There are also new architectural registers that describe the length (and shape) of vectors for subsequent instructions,
to build an out-of-order system they need to be renamed and/or predicted in some way.
Design 1 - multi-cycle instructions
The first design we looked at issues vector instructions to the vector ALUs and expects them to execute
multiple beats (clocks) worth of execution depending on the vector length. Instructions would be issued
to ALUs when the first register comes ready and would stall if subsequent registers are not available. Multiple vector ALUs could dynamicly form pipelines.
- relatively simple
- vector length handling is easily renameable
- renamer needs to be able to represent ranges of registers
- beats must be done in order
- stalls badly on a cache miss, no other instruction can be scheduled to that ALU until it’s done
- throughput is low (load/store unit can load/store 4 registers per clock but a vector unit like this would retire 1 register per clock)
- retiring instructions becomes harder (one instruction might use more write ports than the transfer pipe has available)
- commitQ entries need to be able to hold multiple uncommitted instruction results
Design 2 - renamer breaks instructions into beats
In the second design we have the renamer break each vector instruction into multiple beats - issuing cloned
copies of the instruction into the commitQ. This has the
advantage that they can then be done out of order and spread among multiple vector ALUs and be executed in parallel.

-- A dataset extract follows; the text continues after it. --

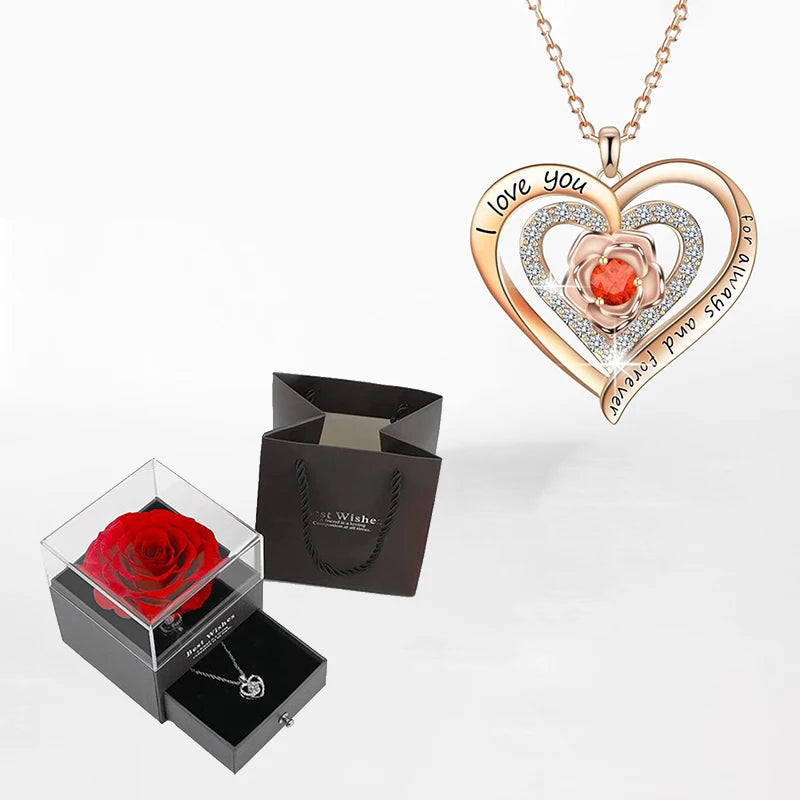 Luxury Zircon Necklace & Rose Gift Box Set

- ALU use is per register, much more like how everything else works today
- more parallelism available, we can do multiple parts of an instruction in parallel
- everything can be aggressively out of order
- load store unit can read/write multiple registers per clock
- renaming the length information is much more difficult - we will need to know it before the renamer can progress - sometimes this will be easy, sometimes the renamer will have to stall until the value has been calculated (when vset gets executed)
- renamer becomes messy - probably becomes a 2-clock process at higher clock speeds (we’ve long though this was likely anyway)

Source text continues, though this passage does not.